A few “modest” changes to existing pickleball days and hours, including opening up the Piedmont Middle School courts for some after-school time during the week, could be approved at November’s Piedmont Recreation Commission meeting, commissioners said Wednesday night.
Opening up the middle school courts on some weekdays is one of four recommendations from the rec commision’s pickleball subcommittee expected to be put to a vote in November. The others are changing middle school pickleball hours on Sundays, from 2 to 4 p.m. to 1 to 4; extending pickleball hours at Beach Elementary School on Tuesdays, Wednesdays and Thursdays from 10 a.m.to 1 p.m., instead of ending at 12:30 p.m.; and pursuing possible formal pickleball instructional programs in Piedmont .
“The Recreation Department is already looking into that,” rec commission Chairman Steve Roland said at Wednesday night’s monthly regular meeting.
The recommendations, Roland said, came after a public meeting earlier this month where several public comments were offered. Several written comments were also received, he said.
The days and hours for weekday play at the middle school, if that idea is approved, have not yet been established.
Pickleball has taken Piedmont by storm over the past couple of years. Essentially a scaled-down version of tennis, pickleball has become especially popular with seniors, an expanding demographic. The city’s three courts — at Beach Elementary, Hampton Field and the middle school — host approximately 165 regular players.

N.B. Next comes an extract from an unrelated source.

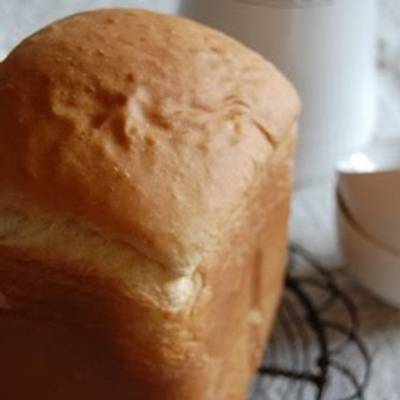 Basic Round Bread made in a Moravian Loaf Pan Recipe by cookpad.japan -  Cookpad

The city has partnered with the Piedmont Unified School District to renovate the hardcourt surfaces at the middle school courts, which officially opened Sept. 7.
Most notably among residents living near the Beach courts, there were complaints about noise, including that created by the sound of paddles striking balls that echoes off the nearby concrete walls of the Oakland Avenue bridge.
Roland said Wednesday night that a survey of approximately 35 people in that area showed that pickleball-related noise is essentially a non-issue.
“Almost nobody was saying it’s a problem,” Roland said.
Some other suggested actions that won’t be pursued, at least for the time being, include reservation signups for pickleball court time; including pickleball courts in the longterm Linda Beach Master Plan; and making pickleball court striping at Hampton Field more vivid and distinct, and easier to see. That latter idea got pushback from tennis players there, whose own court lines are adjacent to those of the pickleball courts. Darker pickleball striping, Roland said, could adversely affect tennis play, Roland said.
“We’re trying to find a happy medium,” he said.
The next Recreation Commission meeting is scheduled for Nov. 20.
Progress at Reich tennis center
Progress on the ongoing refurbishing of the tennis courts on Vista Avenue — now known as the Corey Reich Tennis Center — is moving along, acting Recreation Director Erin Rivera told the rec commission Wednesday.
A new water fountain with a bottle filler and new spectator bleachers and players’ benches have already been installed, Rivera said, and reconstruction of the entryway will be done as soon after the end of the high school girls varsity tennis season ends as possible. The season ends Nov. 18, Rivera said.
New LED lighting is scheduled to be installed during summer 2020, she added.
The Piedmont City Council had already committed enough money to make basic fixes to make the Recreation Center’s tennis courts to make basic repairs when, in November 2018, it agreed to help launch, along with the Piedmont Recreation Facilities Organization and local tennis players, a more robust long-term fundraising campaign for major improvements and ongoing maintenance.
The Corey Reich Tennis Center was formally christened in August.
Reich is a 2004 graduate of Piedmont High School, where he played on the varsity tennis team. In 2007, while a student at Middlebury College in Vermont, he was diagnosed with amyotrophic lateral sclerosis, also known as Lou Gehrig’s disease, a progressive nervous system disease; Reich now uses a wheelchair.
After graduation, he came back to Piedmont, and is now an assistant coach for the successful Piedmont High varsity tennis teams.
The city and the PRFO have made long-term commitments to maintain and upgrade the courts and related facilities. Said Rec Commissioner Glyn Burge Wednesday night, “All the courts have been ‘sold’ to sponsors, which is great.”